Overwatch mata seu primeiro personagem, mas isso não o impedirá de jogar como ele

À medida que Overwatch 2 continua a evoluir – mesmo abandonando totalmente o “2” e passando a ser apenas “Overwatch” daqui em diante – surge a questão do que acontece com seus personagens. No futuro, Overwatch planeja colocar a história em primeiro lugar, e uma grande parte da fantasia heróica são os conflitos entre o bem e o mal e como esses conflitos levam a perdas ou reveses de ambos os lados. E embora histórias como essa possam estar no futuro de Overwatch, esses desenvolvimentos nunca se refletirão na lista jogável.

“Lá [are] não há planos de remover nenhum personagem da lista, dependendo do que pode acontecer com eles”, disse o diretor associado do jogo, Alec Dawson, à GameSpot. “Mas, eu acho, uma coisa que é realmente importante para nós é estar em sintonia com o que está acontecendo com a história ao longo do ano, sejam nossos mapas, sejam os eventos acontecendo, sejam nossos heróis, para garantir que eles se reflitam no que está acontecendo lá também.”

Isso parece estar de acordo com o que vimos em outros jogos de tiro de heróis que têm histórias acontecendo no fundo das partidas – Rainbow Six Siege passou por várias grandes mudanças, por exemplo, afastando-se de sua narrativa antiterrorista em fevereiro de 2019 para contar uma fantasia esportiva de simulação militar e, em seguida, retornando à linha de base original do contraterrorismo vários anos depois. A lista jogável do jogo de tiro tático só cresceu durante esses desenvolvimentos, mas o enquadramento das partidas e os tipos de novos Operadores, mapas e skins adicionados em cada temporada foram dramaticamente transformados para refletir uma nova direção narrativa.
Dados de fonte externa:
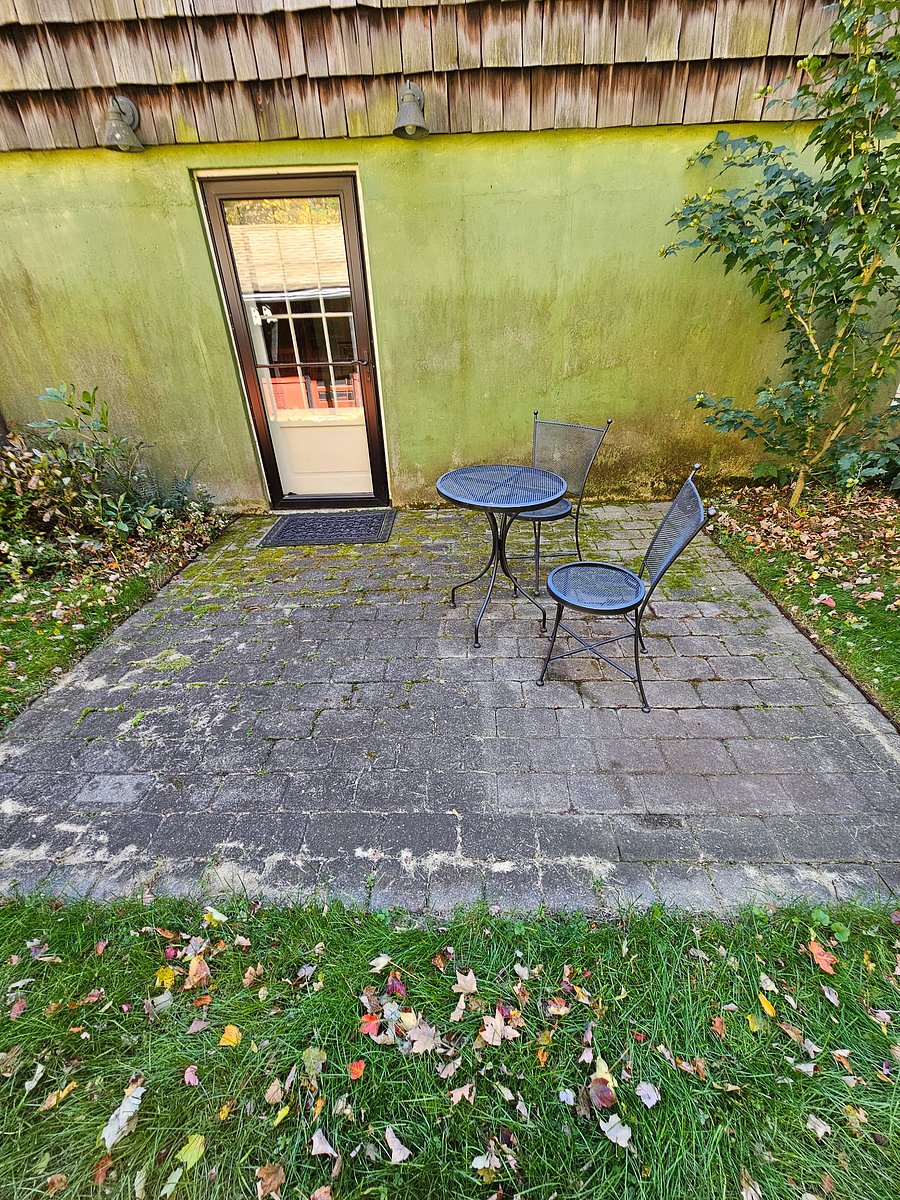 Furnished Finder property 1049932_1 photo 12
“O estado mundial está mudando junto com alguns dos outros meios de comunicação que veremos ao longo do ano”, disse Dawson. “Então isso é muito importante para nós, e provavelmente há algumas oportunidades para seguirmos esses caminhos também.”
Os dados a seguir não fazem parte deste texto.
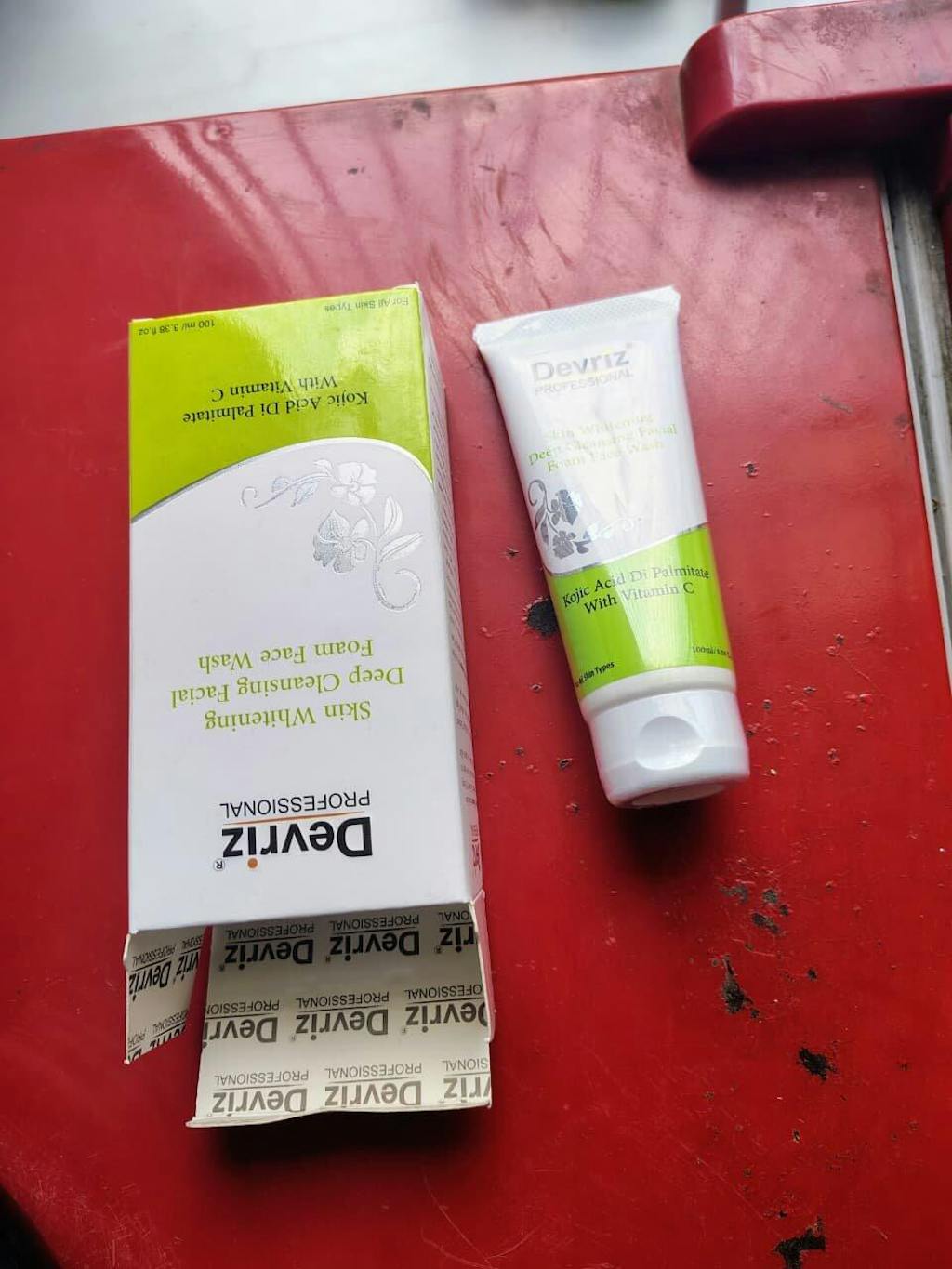 Skin Whitening & Deep Cleaning Foam Facewash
Será interessante ver como tudo isso vai funcionar. Em 2022, apontamos que a história de Apex Legends sobre seus heróis era um erro. Embora os elementos narrativos originalmente atraíssem os jogadores com seu drama de ficção científica, a fanfarra pela história de Apex Legends acabou duro pós-temporada 13 – em grande parte pela falta de apostas duradouras. Nenhum dos personagens jogáveis ​​poderia morrer, ser proibido de competir nos Jogos Apex, ou atingir seus objetivos e sair com seu final feliz, porque qualquer tipo de complicação importante ou catarse satisfatória os levaria a precisar deixar o Battle Royale. Faz sentido, é claro. Você não deveria apenas cortar personagens nos quais os fãs dedicaram tempo e cosméticos, não importa o quão bom fosse para a história, mas o resultado foi um jogo de tiro de heróis baseado na história que se tornou cada vez mais frustrante de se prestar atenção a cada temporada.
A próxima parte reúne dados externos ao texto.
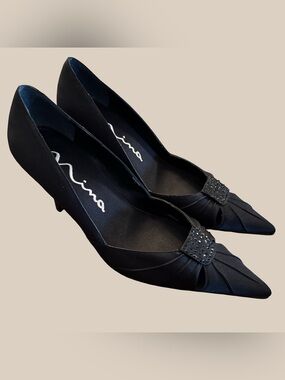 Nina Billie Black Luster Satin Embellished Dress Pumps Heels Leather Sole SZ 7M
A Blizzard parece estar evitando essa mesma situação com Overwatch ao ter a disposição de matar seus personagens, começando com Doomfist (coitado), mas mantendo todos na lista jogável. O tempo dirá se esse é realmente o caso, é claro. A equipe matou Doomfist da maneira mais “ele poderia voltar” que eu já vi. Se a Blizzard quiser contar uma história adequadamente dramática com seus heróis, então as ações precisam ter consequências permanentes. Se a equipe disser que Doomfist está morto, é melhor ele ficar morto. Qualquer outra coisa apenas barateará a morte e reforçará que esses personagens são essencialmente imortais e provavelmente incapazes de mudanças dramáticas.